Four small schools in Loudoun are again facing the threat of being closed

The threat of closing several of Loudoun County’s oldest and smallest elementary schools has become something of an annual tradition in recent years, as the School Board has struggled to balance the demands of a growing school system against pressure from a fiscally conservative Board of Supervisors to reduce costs.

In the past, impassioned feedback from the communities surrounding Loudoun’s smallest elementary schools has helped keep them open. But now, with the School Board facing a $38 million funding gap after the Board of Supervisors adopted its fiscal 2015 budget last week, the possibility of closing four Loudoun schools — Lincoln Elementary, Hillsboro Elementary, Hamilton Elementary and Aldie Elementary — has moved decidedly closer to reality.

At an April 1 meeting, School Board members said they wanted to proceed with a public hearing to address closing the small schools, a legal step that must precede any closing or consolidation.

Closing the four elementary schools would save the school system about $2 million, a number that would increase once additional savings from redistributing equipment and avoiding repairs and upgrades is factored in, School Board Chairman Eric Hornberger (Ashburn) said.

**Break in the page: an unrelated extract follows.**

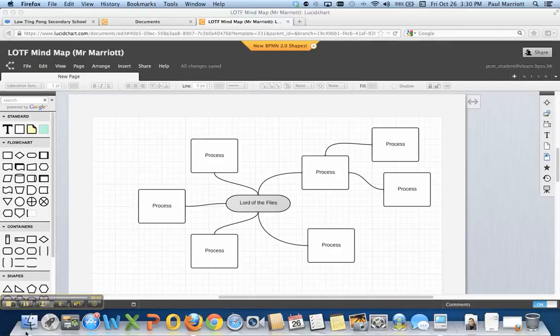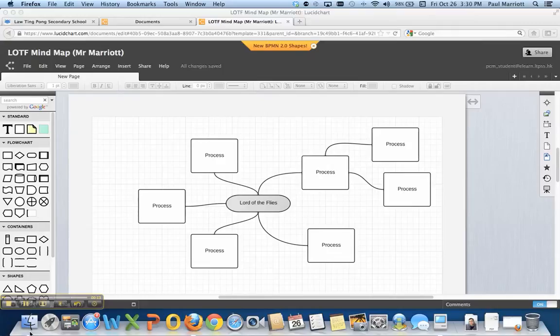Hey guys, this is a tutorial video to teach you how to export your mind map in Lucidchart and submit the work into Frog. This is mainly for the S2 students that have to make a mind map based on Lord of the Flies. So without further ado, let's get started.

Parents across the county have made it clear that they won’t let go of their schools without a fight, and many have launched organized efforts to find viable alternatives. The Middleburg Elementary community received conditional approval this year to convert its historic school into the first charter school in Northern Virginia. A charter application is also in progress for Hillsboro Elementary. In Aldie, parents have proposed a plan to expand the elementary school to accommodate as many as 450 students.

Two of the schools — Aldie, with 131 students, and Lincoln Elementary, with 135 students — operate well below the county’s average cost-per-pupil cost of about $11,600. Aldie’s average is $11,090, and Lincoln’s average is $10,099, according to school staff reports.

Hamilton, with 165 students, comes in at $12,470; and Hillsboro, with just 62 students enrolled, spends about $19,000 per student.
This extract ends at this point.